**WORK INSTRUCTIONS:**
Your task is to copy the lines from the line containing "BagForLove - Fashionable" through the end of the listing below, both included, without any pictures.

#### RAW DATA

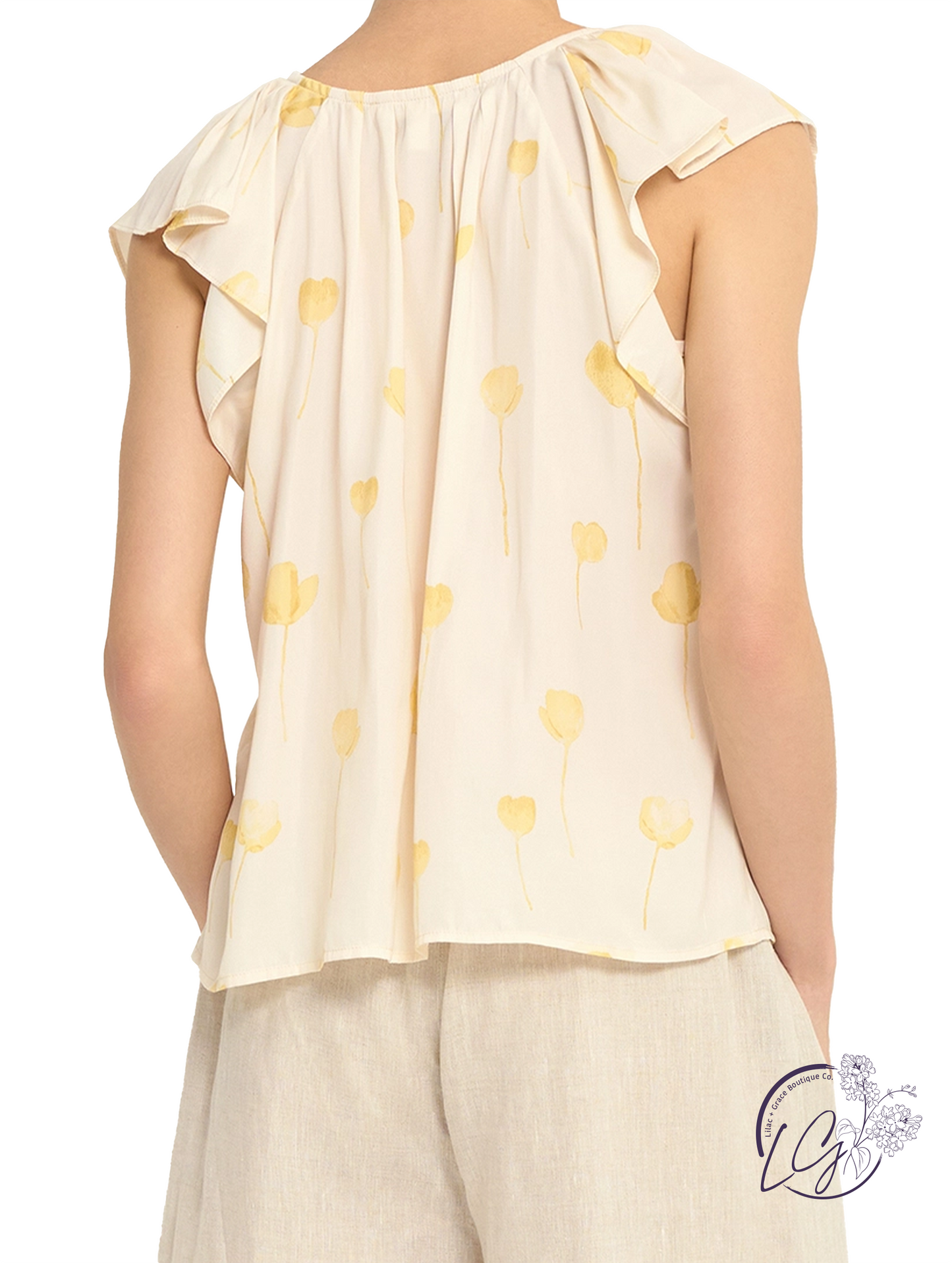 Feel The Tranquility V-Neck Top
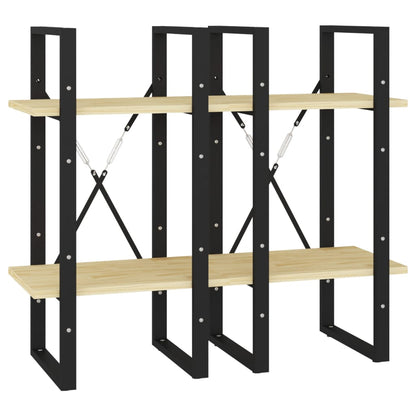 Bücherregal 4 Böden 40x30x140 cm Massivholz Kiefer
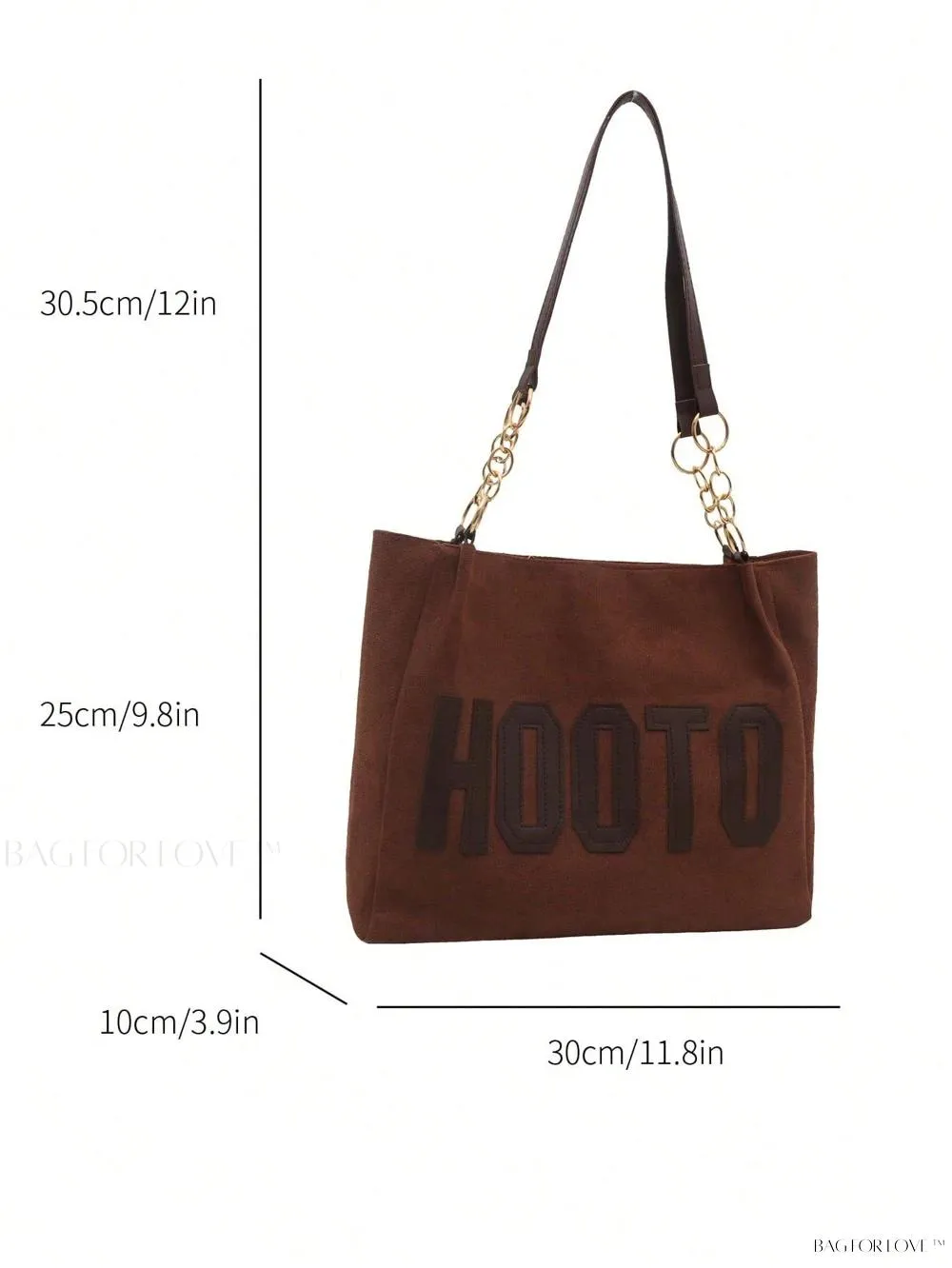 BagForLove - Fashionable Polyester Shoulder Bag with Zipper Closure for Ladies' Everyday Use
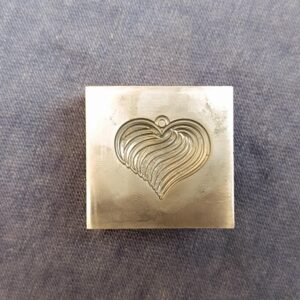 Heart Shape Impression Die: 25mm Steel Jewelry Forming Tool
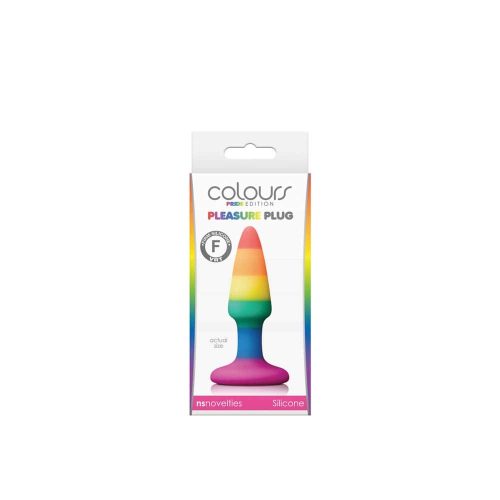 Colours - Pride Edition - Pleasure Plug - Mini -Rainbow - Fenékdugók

########

**TASK ANSWER:**
 BagForLove - Fashionable Polyester Shoulder Bag with Zipper Closure for Ladies' Everyday Use
 Heart Shape Impression Die: 25mm Steel Jewelry Forming Tool
 Colours - Pride Edition - Pleasure Plug - Mini -Rainbow - Fenékdugók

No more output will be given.